The 365th day of the second year of Faith and Fear in Flushing is nearing completion. Tomorrow we, like Reyes to Valentin to Delgado, turn two.
We includes you, gentle reader. The comments you post, the e-mails you send and the vibes you put out have convinced me that what we’ve got here is far more than a two-man operation.
I learned who we were in that sense in our second year on the job, not so much via a V8 moment, rather by a slow build of realization that it wasn’t just Jason and me writing, you reading and the twain never-shall-meeting. The twain met, all right. The tipping point for our evolved relationship, at least from my perspective, was the same one that sent our Mets from running roughshod over the National League to having a title to show for it.
It was the magic number countdown. Remember that? 18 For 18 [1], 17 For 17 [2] and all the way down to 1 For 1 [3]? It was a throwaway idea almost, not completely original [4] by any means. What I started loving about it almost immediately was the way it brought us together in common mission. We made counting count.

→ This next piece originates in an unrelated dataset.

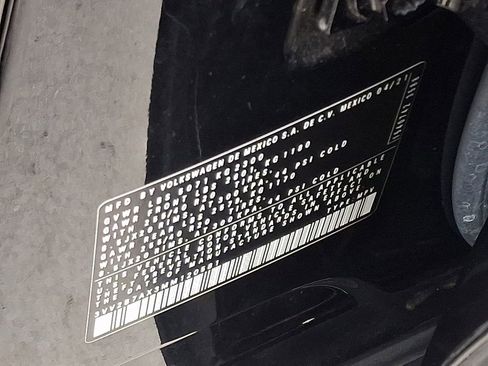 Used 2021 Volkswagen Tiguan SE R-Line image 27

There were insistences that each numeral get its due even if the magic number diminished by two at a time. There were genuine snorts of dissatisfaction when a numerical association I chose did not jibe with somebody else’s. There were mini-countdowns offered as addenda to the countdown from those who wanted to revel in this rare happenstance, this march to inevitable victory for which we’d waited collectively so long. Then it wouldn’t end when it was scheduled to in Pittsburgh, and we couldn’t have been sicker of magic numbers, but that’s just human and Mets fan nature.

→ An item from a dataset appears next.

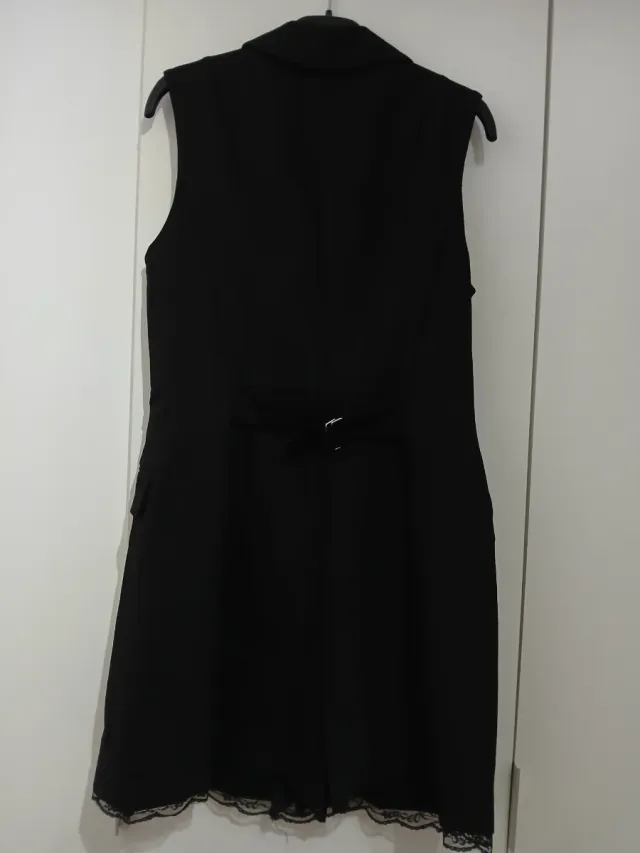 Mono tipo blazer Zara negro con encaje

The countdown was simply the portal to what awaited us: that overdue sequel to the 1988 divisional championship — captured on our native soil no less; its boozy aftermath; the collective impatience for the next step in the process (Dodgers? Padres? Padres? Dodgers?); the breath-holding over hurler health; and then, at last, the playoffs. We were all in it together up to our necks by then.
Great days would follow. When I allow myself to not get tangled up in red over the ultimate outcome, I see October 2006 through the prism of Faith and Fear, less for what Jason or I wrote than for how much and how often you wrote. We forged ourselves into an authentic community (I’d say family, but family is often a pain in the ass). I didn’t approach the keyboard without thinking of everybody who made themselves a part of it all. If I had to pick the one episode I’ll carry to my dotage from the seventh postseason in Mets history, it wouldn’t be called strike three, it wouldn’t be Y.F. Molina, it wouldn’t be Endy at the wall or the echoes of “Jose” to the sixth power or Lo Duca’s double tag or Holy Saturday or even the waves of fellow travelers sweeping me giddily from the LIRR platform as I sought a path to Gate E.
It would be that span from the moment Game Five ended in St. Louis until I left for Game Six at Shea. It would be Jason and I taking turns at warding off our own evil spirits and finding something positive to say so that we could, all of us, believe just a little longer. It would be the way everybody whose name isn’t on the masthead pitched in with one good thought after another, Faith triumphing over Fear in a blowout.
It worked [5]. One night only, but it worked.
October’s end enveloped us too quickly. Light grew scarce, air turned to ice, crowds leveled off in this space. But I’ve not lost the handle on the hours when each of us expressed our thoughts, our hopes, our prayers for this team like our Met lives depended on it [6]. We were something more to each other than just another click to another baseball bookmark. I’ve not looked at blogging the same since.
As prelude to Pitchers & Catchers and our third season on the beat, I was going to say something about it having been a long, cold lonely winter, but that would one-third false advertising. It’s been long. It’s been cold. But it’s never lonely here, not with all of us teaming up to be who we are.
Happy birthday to us. Let the third year be a charm.